一緒になって「酷いね!」「許せない!」と怒ることはできるだろう。
それは簡単すぎて、社会的理想に従いたい系の人ならば誰でもすぐにやってくれる。
だが、その時の「自分の状態」を想像し、話している自分の様子を見て「辛かったね」と気持ちをわかってくれる人はなかなかいないのだ。
他人の話に善悪の判断などつけられない。
本人が辛かったから相手が悪かどうかはわからない。
相手側の事情がわからないのだから。
何があってもこれこれでなくてはならない!
と軍隊のようなことを言い出したら、ちょっとおかしい人だ。
気持ちが言えない、自覚していない人の中には、善悪の判定をしてもらいたがっている人がいる。
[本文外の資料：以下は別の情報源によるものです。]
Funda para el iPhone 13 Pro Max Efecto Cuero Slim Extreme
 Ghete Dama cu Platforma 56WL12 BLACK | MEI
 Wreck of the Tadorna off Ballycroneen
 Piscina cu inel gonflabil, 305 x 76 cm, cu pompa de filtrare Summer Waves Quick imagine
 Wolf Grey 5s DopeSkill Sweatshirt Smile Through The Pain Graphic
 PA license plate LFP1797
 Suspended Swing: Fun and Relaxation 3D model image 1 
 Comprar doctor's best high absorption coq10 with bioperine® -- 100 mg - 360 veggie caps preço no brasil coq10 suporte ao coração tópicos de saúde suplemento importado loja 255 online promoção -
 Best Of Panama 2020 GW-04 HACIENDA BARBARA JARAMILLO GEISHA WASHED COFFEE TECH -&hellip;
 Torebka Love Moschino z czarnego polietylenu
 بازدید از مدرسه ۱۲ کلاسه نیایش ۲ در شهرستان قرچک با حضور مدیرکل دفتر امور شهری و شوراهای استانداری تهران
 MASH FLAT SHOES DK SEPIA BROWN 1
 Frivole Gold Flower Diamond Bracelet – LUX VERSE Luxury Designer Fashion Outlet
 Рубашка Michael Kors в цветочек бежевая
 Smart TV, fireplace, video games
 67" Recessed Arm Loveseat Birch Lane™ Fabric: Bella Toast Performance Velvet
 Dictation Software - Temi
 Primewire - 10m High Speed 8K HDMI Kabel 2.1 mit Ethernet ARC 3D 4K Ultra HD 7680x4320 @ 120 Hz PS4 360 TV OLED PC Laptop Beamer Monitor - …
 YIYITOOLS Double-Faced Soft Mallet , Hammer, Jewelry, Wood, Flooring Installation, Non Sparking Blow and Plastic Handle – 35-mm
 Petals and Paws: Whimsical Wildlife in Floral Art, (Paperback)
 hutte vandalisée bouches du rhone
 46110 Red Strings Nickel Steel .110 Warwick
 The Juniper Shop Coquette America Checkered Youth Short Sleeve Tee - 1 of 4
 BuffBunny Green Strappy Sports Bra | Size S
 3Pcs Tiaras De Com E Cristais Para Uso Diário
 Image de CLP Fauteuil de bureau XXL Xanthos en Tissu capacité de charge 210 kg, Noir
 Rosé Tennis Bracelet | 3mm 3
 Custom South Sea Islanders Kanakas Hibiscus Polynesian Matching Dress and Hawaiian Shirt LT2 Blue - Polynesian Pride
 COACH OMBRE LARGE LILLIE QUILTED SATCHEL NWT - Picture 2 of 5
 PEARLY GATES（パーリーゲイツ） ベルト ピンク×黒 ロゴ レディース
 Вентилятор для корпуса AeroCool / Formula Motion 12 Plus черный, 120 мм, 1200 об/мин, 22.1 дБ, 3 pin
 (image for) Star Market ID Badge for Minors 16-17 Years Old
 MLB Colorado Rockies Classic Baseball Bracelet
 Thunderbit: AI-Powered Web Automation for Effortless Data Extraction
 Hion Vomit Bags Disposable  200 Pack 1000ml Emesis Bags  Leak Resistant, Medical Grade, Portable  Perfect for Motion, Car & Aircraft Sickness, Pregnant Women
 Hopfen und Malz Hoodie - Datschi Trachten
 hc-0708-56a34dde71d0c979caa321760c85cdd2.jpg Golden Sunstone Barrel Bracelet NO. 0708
相手を批難してくれれば、気が済むと勘違いしている人がいる。
だが言いたいのはそこではない。
辛かった。悲しかった。惨めだった。寂しかった。
自分の気持ちが言えない人に、やたら同意して正義漢ぶるのは危険だ。
自分が責任を持つことになるからだ。
そんな責任を持たない方がいい。
だから、目の前の相手の心配くらいしか人にはできないのだ。